● **The input**:
==*==

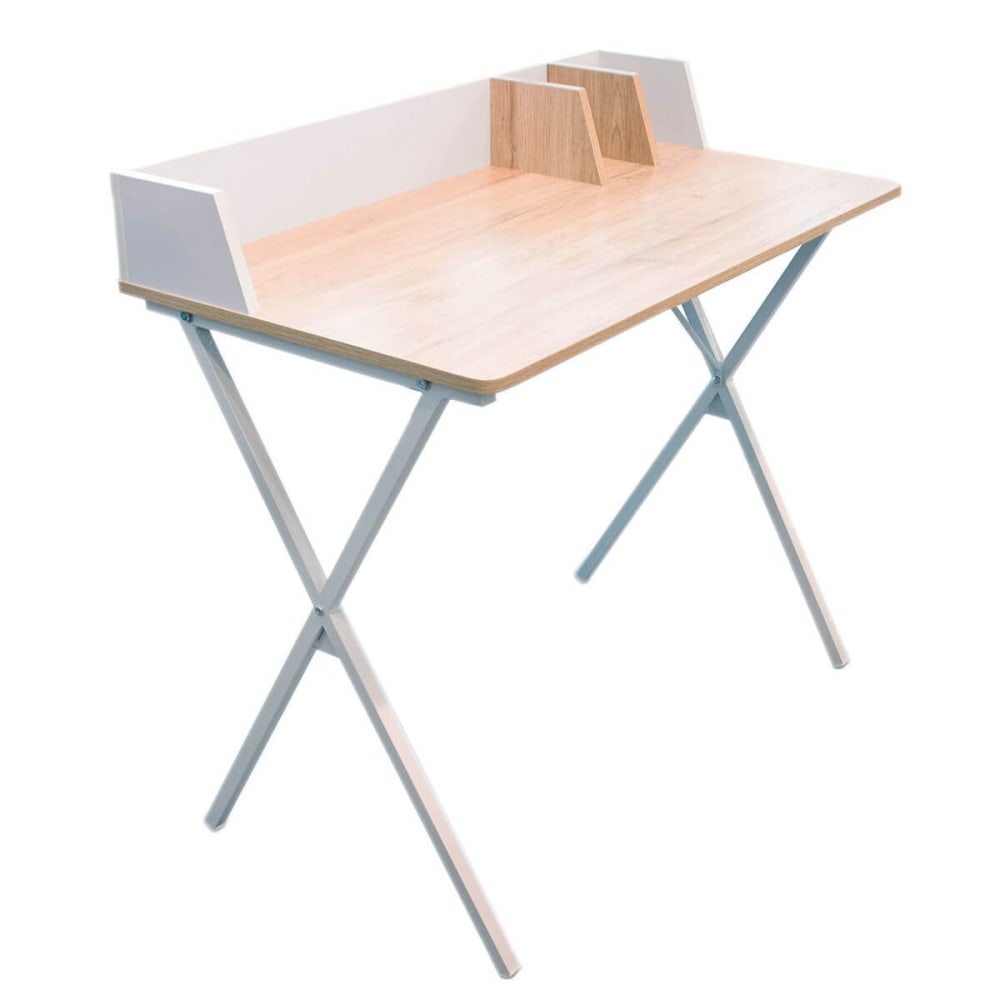 Altobuy Bureau en bois et métal blanc style contemporain Marron Panneau De Particules - 90x84x50cm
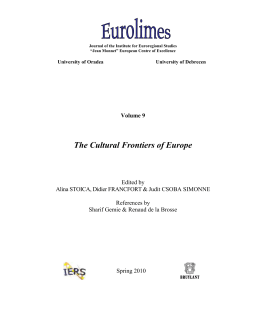 The Cultural Frontiers of Europe - the Institute for Euroregional Studies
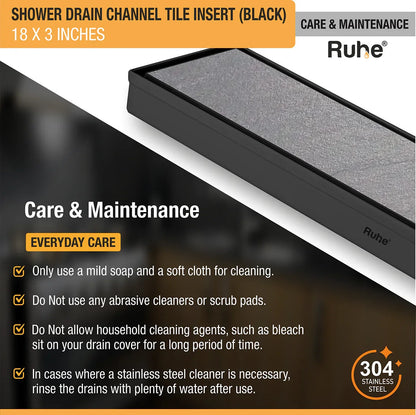 Tile-Insert Shower Drain Channel (3 Inches)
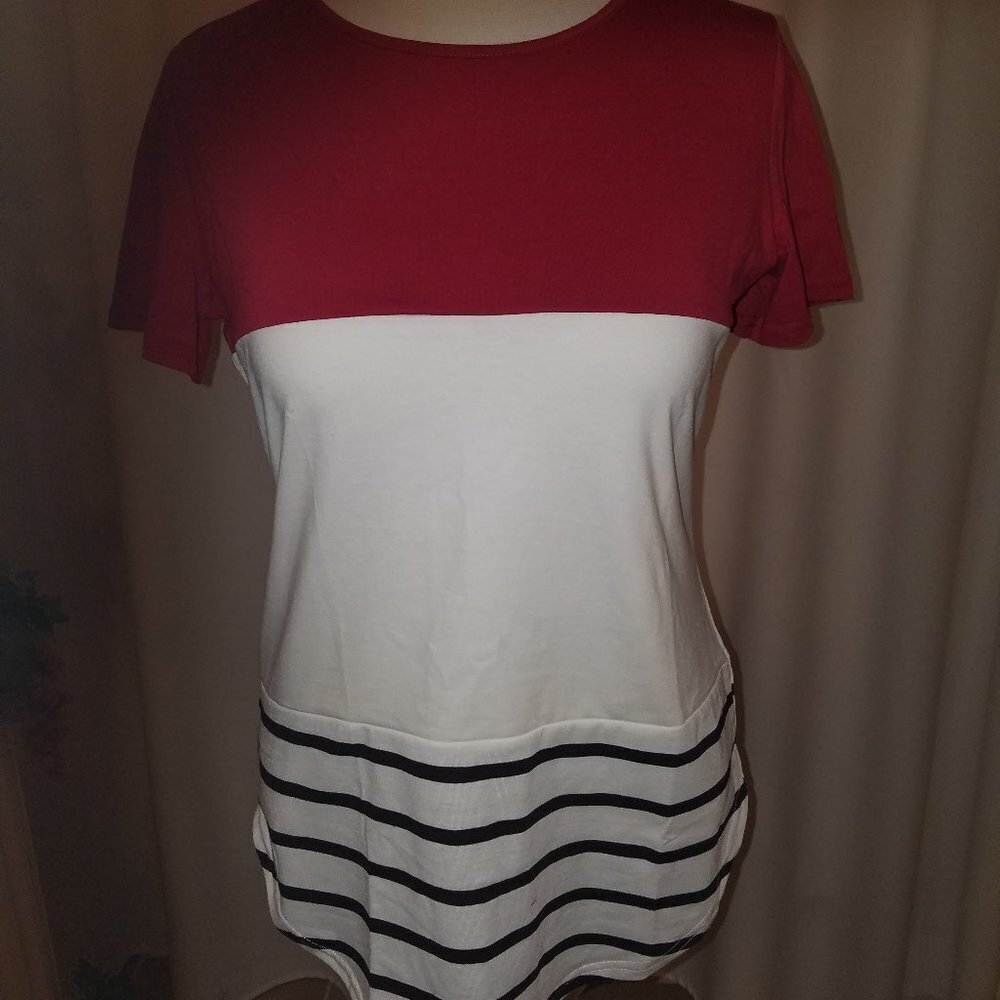 Ceasikery short sleeve red white striped shirt M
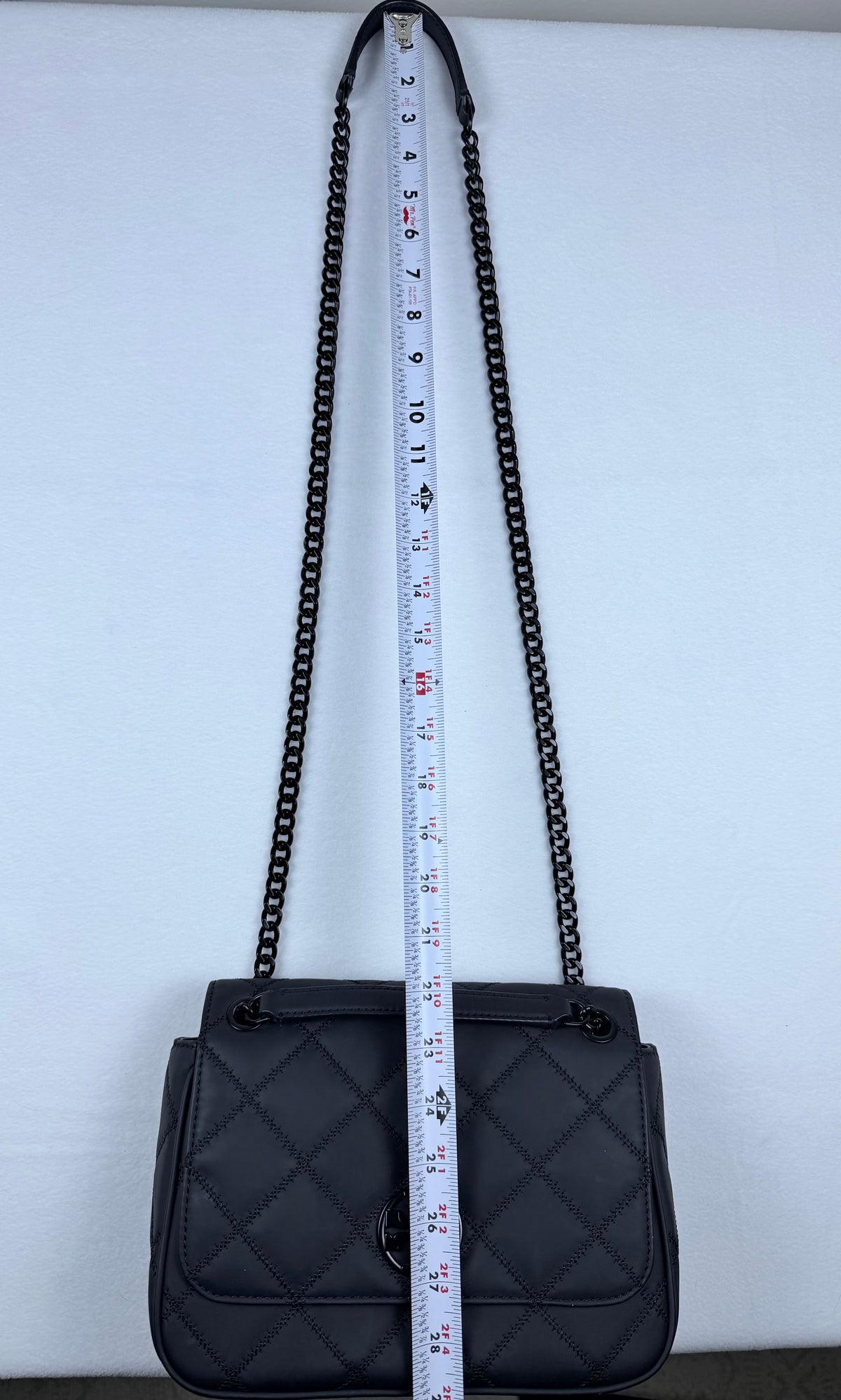 Tory Burch Black Quilted Leather Convertible Chain Shoulder Bag Crossbody Purse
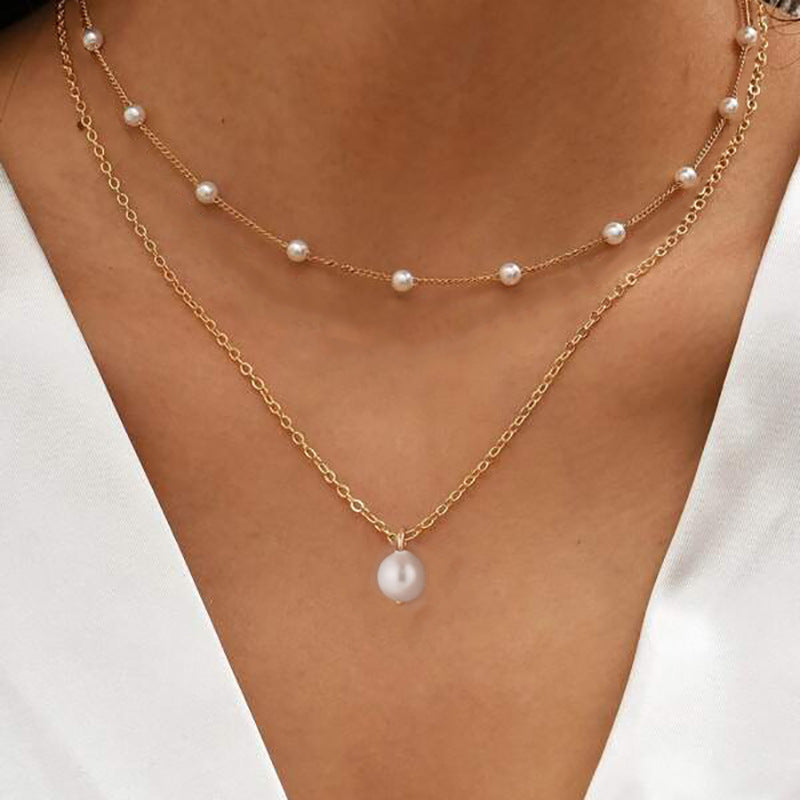 Cross Border Pearl Heart Necklace All-Match Pearl Multi-Layer Pendant Clavicle Chain Women's Retro Multi-Layer Twin Necklace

==*==

Down to the final line, restate the material above word for word, but omit its pictures.

 Altobuy Bureau en bois et métal blanc style contemporain Marron Panneau De Particules - 90x84x50cm
 The Cultural Frontiers of Europe - the Institute for Euroregional Studies
 Tile-Insert Shower Drain Channel (3 Inches)
 Ceasikery short sleeve red white striped shirt M
 Tory Burch Black Quilted Leather Convertible Chain Shoulder Bag Crossbody Purse
 Cross Border Pearl Heart Necklace All-Match Pearl Multi-Layer Pendant Clavicle Chain Women's Retro Multi-Layer Twin Necklace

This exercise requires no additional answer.